EXERCISE OBJECTIVE
Output every line below as it stands, dropping only the images.

DATASET CONTENT

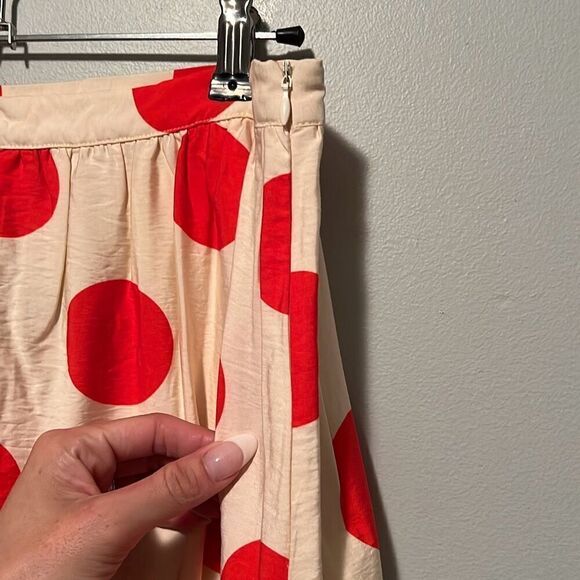 Compañia Fantastica Women's Cream Red Polka Dot Allover Print Maxi Skirt - Picture 3 of 8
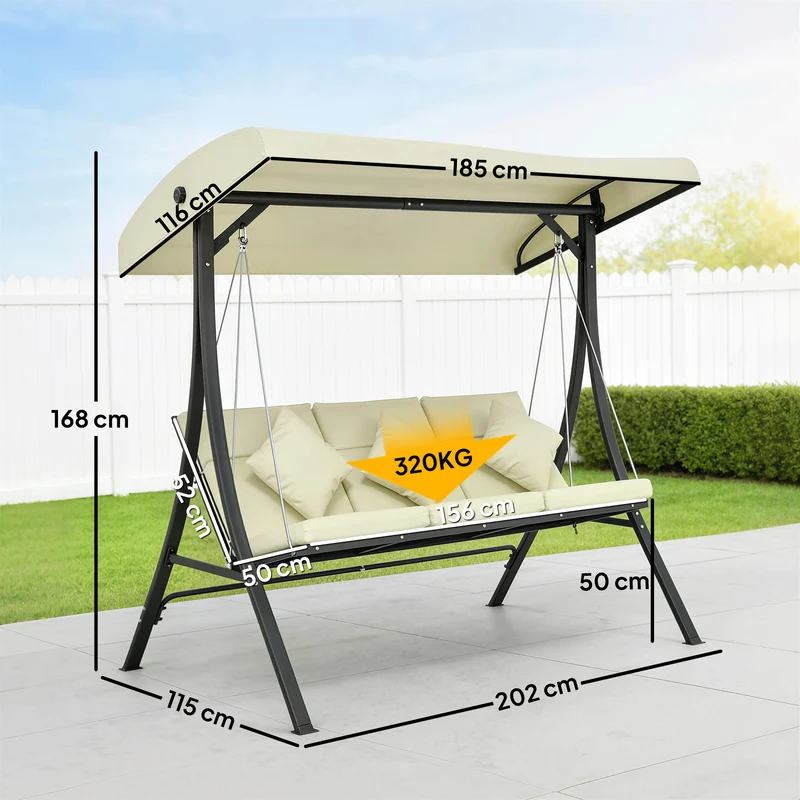 Outsunny Columpio de Jardín Exterior de 3 Plazas, Balancín de Jardín Exterior con Techo Ajustable Cojines, Almohadas y Estructura de Acero, para Terraza, Patio, Carga 320 kg, 202x115x168 cm, Beige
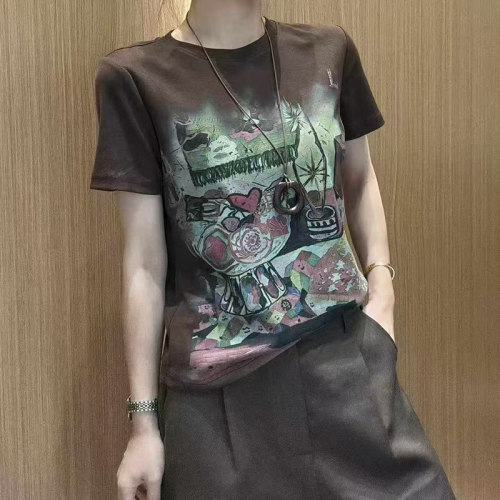 网红t恤2026夏季新款复古童趣涂鸦印花短袖T恤女修身百搭显瘦上衣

EXERCISE RESPONSE
 Compañia Fantastica Women's Cream Red Polka Dot Allover Print Maxi Skirt - Picture 3 of 8
 Outsunny Columpio de Jardín Exterior de 3 Plazas, Balancín de Jardín Exterior con Techo Ajustable Cojines, Almohadas y Estructura de Acero, para Terraza, Patio, Carga 320 kg, 202x115x168 cm, Beige
 网红t恤2026夏季新款复古童趣涂鸦印花短袖T恤女修身百搭显瘦上衣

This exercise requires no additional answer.